In New Orleans he hears for the first time the lilting cadence of Cajun speech. For someone who struggles to communicate, it's a revelation: "I liked the way the words came out of her mouth," Victor notes, "like they had a bright coat of paint on them."

Whether he is eating his first plate of raw oysters in the French Quarter or attending a rollicking fais do-do (a Cajun dance party) or fleeing the path of Hurricane Betsy, Victor remains the same curious, unassuming and thoughtful observer of human nature that readers found so irresistible in "Paperboy." But he's definitely growing up. When a pretty girl in short shorts catches his eye, Victor thinks, "We learned about adjective case in sophomore English - short, shorter, shortest. These shorts were not comparative. They were superlative."

As he continues the journey, collecting both allies and antagonists along the way, Victor begins to wonder if his mission is a gift for Mr. Spiro or a gift from Mr. Spiro:

"My promise seemed simple at first. Find the end of the river, the mouth. Spread the ashes. But the closer I got, the more complicated everything was getting. Mr. Spiro had never let me down, and I was not going to let him down. He spent hours and hours answering my questions and teaching me all that I didn't understand about myself. When Mr. Spiro went away, a big hole started following me around, and the only way to close it was to put his ashes exactly where they belonged."
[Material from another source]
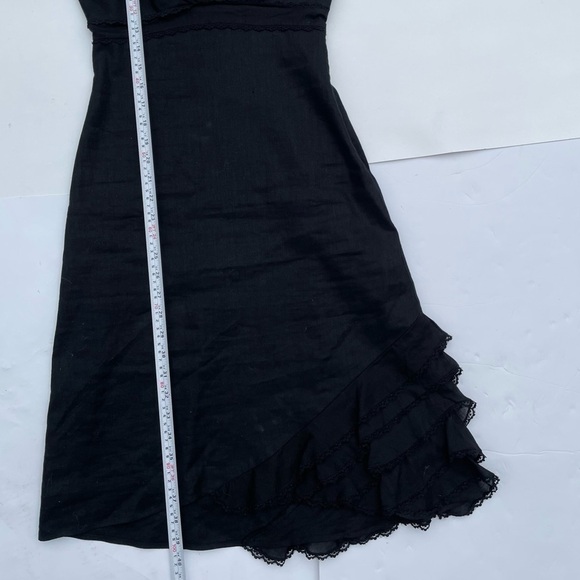 BCBG Max Azria Linen blend dress with lace Black - Picture 4 of 8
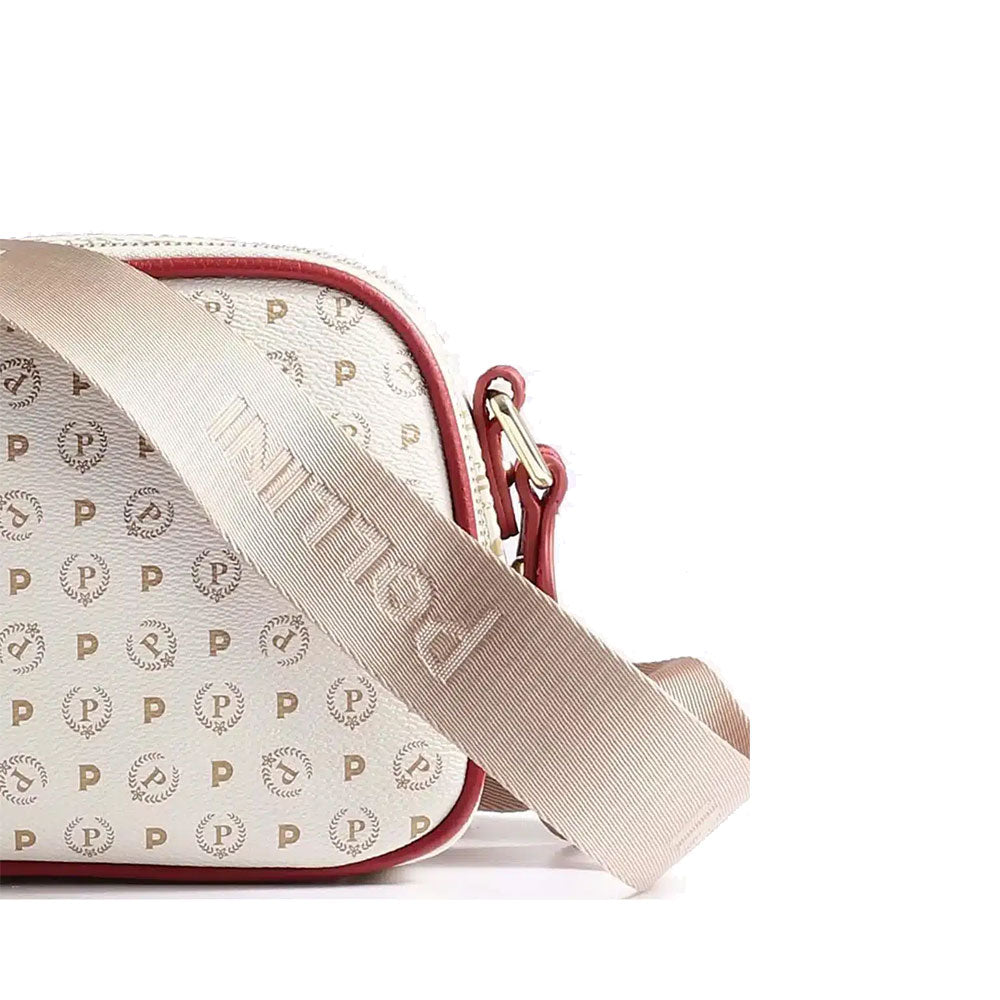Borsa Donna a Tracolla Doppio Scomparto POLLINI linea Heritage Logo Classic Avorio e Lacca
Despite numerous setbacks, readers never doubt that Victor will find his own way to honor Mr. Spiro's wishes. And in the end, fittingly, it's Mr. Spiro, lover of literature, who has the last word: "We don't own books. We borrow them and pass them on. What we own is what the books leave inside of us."

Vince Vawter's "Copyboy" leaves behind the happy memory of time well spent and the hope of additional travels to come.